Iulian Rosu, YO3DAC – VA3IUL, http://www.qsl.net/va3iul/

pdf version

 

This note will review the process by which VCO (Voltage Controlled Oscillator) designers choose their oscillator’s topology and devices based on performance requirements, components types and DC power requirements.

            Basic oscillator design specifications often require a given output power into a specified load at the design frequency. The drive level and bias current set the fundamental output current and the oscillation frequency is set by the resonator components.

Transistor selection of the transistor should consider noise, frequency, and power requirements. Based on the particular device, the design may account for parasitics of the device affecting resonator components as well as nonlinear performance specifications.

All the VCO schematics presented below were practical build using the Infineon SiGe transistor BFP420, and any of them can be re-tuned for different frequency ranges changing varicaps and LC tank values.

 

VCO Specifications

 

Phase Noise varies typically by 3dB with temperature, in the –55ºC to +85ºC range.

  

In order to lower the VCO Phase Noise, a number of rules should be respected:

 

There is a trade-off between the Q factor of the oscillator, its size and its price. The low Q-Factor of an LC tank and its component tolerances  needs careful design for phase noise without individual readjustment of the oscillators.

Usually a larger resonator will have a higher Q (e.g. a quarter wavelength coaxial resonator).

A bipolar transistor biased at a low collector current will keep the flicker corner frequency to a minimum, typically around 6 to 15 KHz (Most semi-conductor manufacturers can provide the frequency corner (fc) of their devices as well as the 1/f characteristic.

In order to increase the power at the input of the oscillator, the current has to be increased. However, a low current consumption is critical to preserving battery life and keeping a low fc. In a practical application, the current will be set  based on output power required to drive the system (typically a mixer), and then the Phase Noise will need to be achieved through other means.

- The abrupt tuning diodes will provide a very high Q and will also operate over a very wide tuning voltage range (0 to 60 V). The abrupt tuning diode provides the best phase noise performance because of its high quality factor.

- The hyperabrupt tuning diodes, because of their linear voltage vs. capacitance characteristic, will provide a much more linear tuning characteristic than the abrupt diodes. These are the best choice for wide band tuning VCO's. An octave tuning range can be covered in less than 20 V tuning range. Their disadvantage is that they have a much lower Q and therefore provide a phase noise characteristic higher than that provided by the abrupt diodes.

This is the most challenging compromise because the thermal noise from the equivalent noise resistance of the varactor works together with the tuning gain of the VCO to generate phase noise.

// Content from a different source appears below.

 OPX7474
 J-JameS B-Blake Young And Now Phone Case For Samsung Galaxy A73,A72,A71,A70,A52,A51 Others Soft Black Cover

This compromise will be the limiting factor determining the phase noise performance.

 

VCO Topologies

 

Parallel Tuned Colpitts VCO

 

There are 3 types of BJT Colpitts VCOs. Common-Collector, Common-Emitter and Common-Base.

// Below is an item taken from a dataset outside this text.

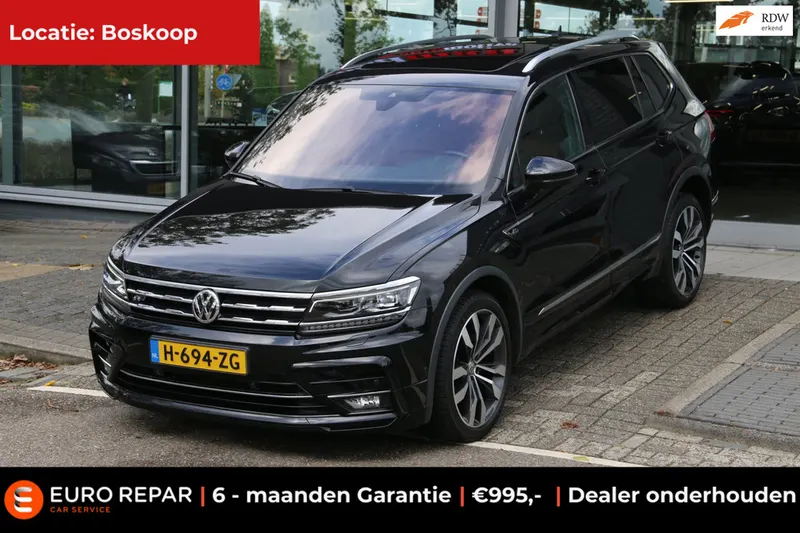 Volkswagen Tiguan All-Space (2020)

The most used is Common-Collector configuration where the output is often taken from the collector terminal, simply acting as a buffer for the oscillator connection at the base-emitter terminals.

This is the only Colpitts arrangement in which the load is not part of the three-terminal model or the oscillator equation; though care must be taken to ensure that the collector output voltage does not significantly feedback through the base-collector junction capacitance.

As an alternative, the output of the common collector could also be taken across emitter resistance Re.

 

Series Tuned Colpitts VCO (Clapp VCO)

The series-tuned Colpitts circuit (or Clapp oscillator) works in much the same way as the parallel one.

 

Wideband Colpitts VCO

 

Hartley VCO

 

Wideband Differential Push-Push VCO

 

Differential Cross-Coupled VCO

 

The cross-coupled differential transistor pair presents a negative resistance to the resonator due to positive feedback.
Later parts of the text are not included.